**INFORMATION SUPPLIED:**
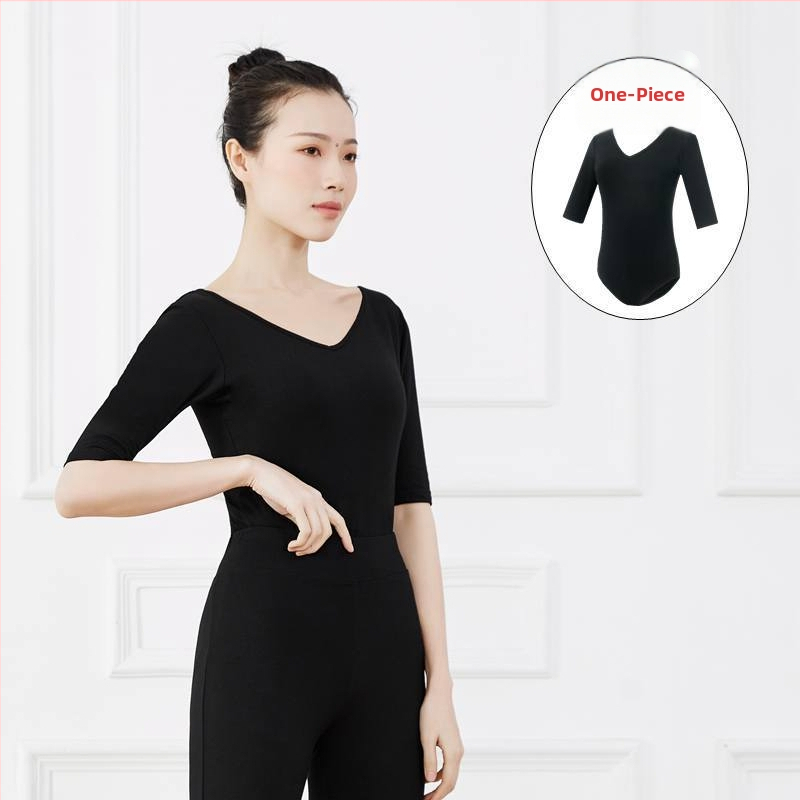 Női modern tánc edző szett - Modal anyag pamut bélésével; négy évszakos viselet; alkalmas a színpadra, néptáncra, Yangko-ra és társastáncra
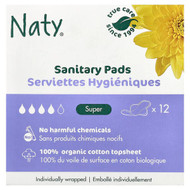 <img alt="Naty, Sanitary Pads, Super, 12 Pads" title="Naty, Sanitary Pads, Super, 12 Pads,7330933000185"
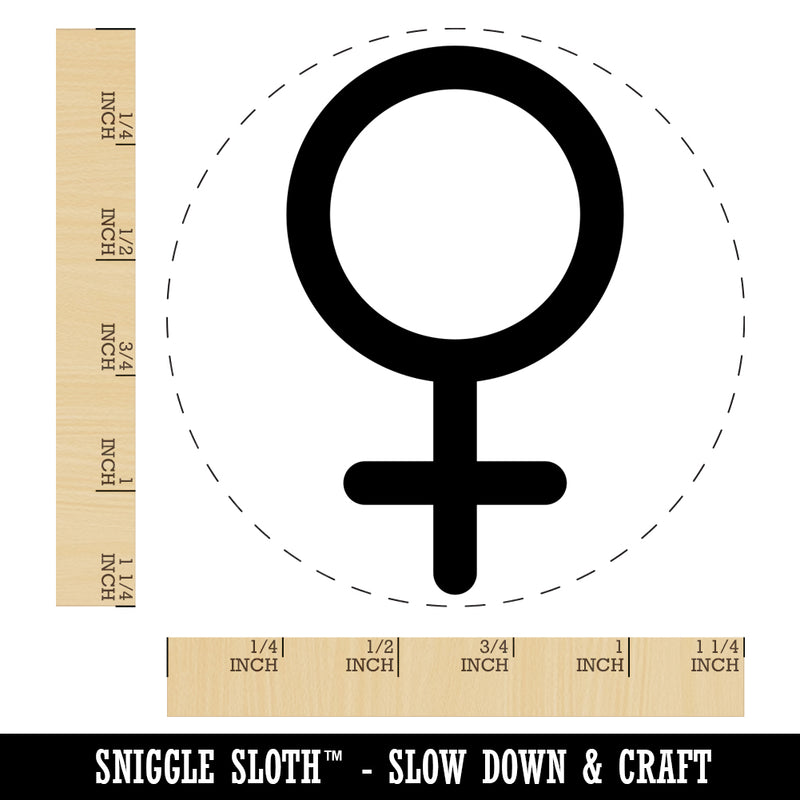 Venus Woman Female Gender Symbol Rubber Stamp for Stamping Crafting Planners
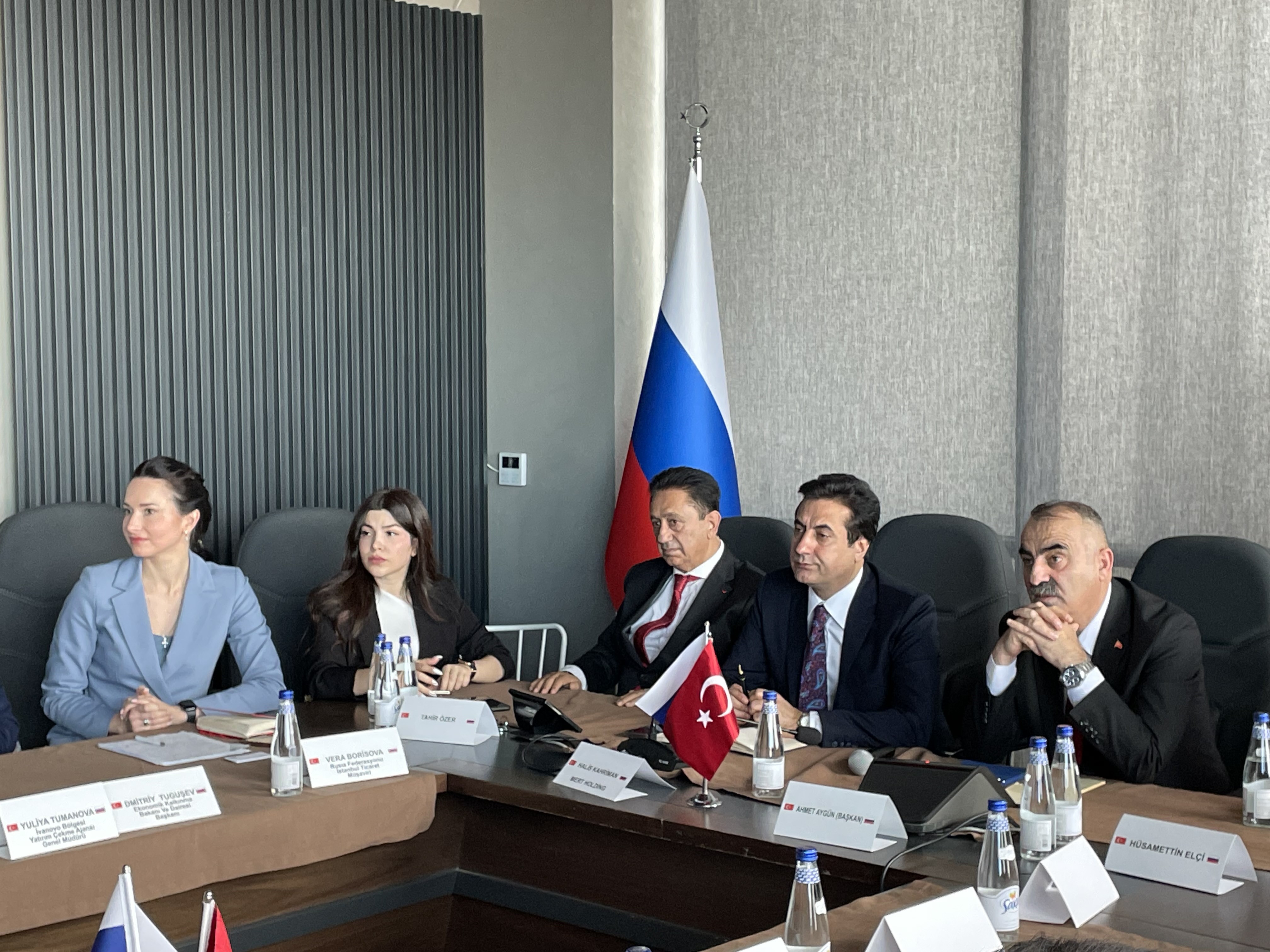 Rus bakan Dmitriy Tuguşev, İstanbul’da Türk iş adamları ile bir araya geldi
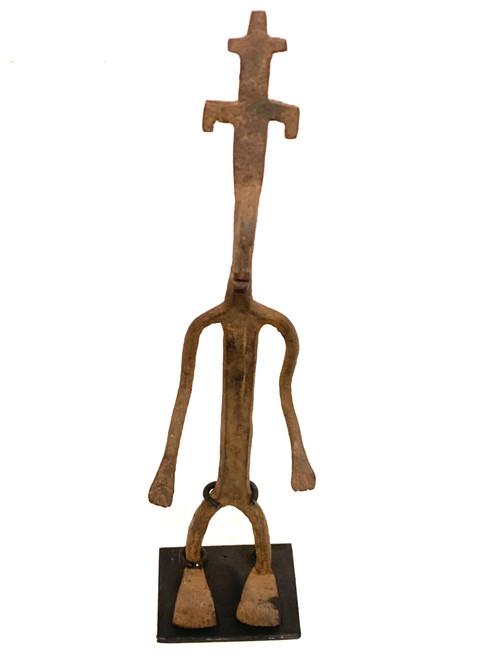 Anthropomorphic ritual iron DOGON from Mali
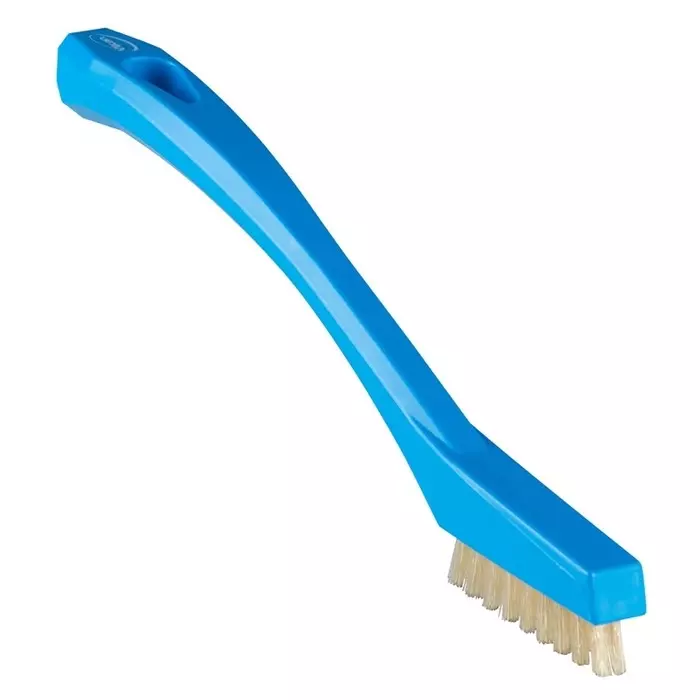 VIKAN Scrubbing Brush PET Extra Hard 11 mm Bristle Length Blue, 44023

**PROMPT:** In your reply, please set down exactly the lines from the one containing "Anthropomorphic ritual iron DOGON from Mali" through the end of the records, with the pictures left out.

**SOLUTION:**
 Anthropomorphic ritual iron DOGON from Mali
 VIKAN Scrubbing Brush PET Extra Hard 11 mm Bristle Length Blue, 44023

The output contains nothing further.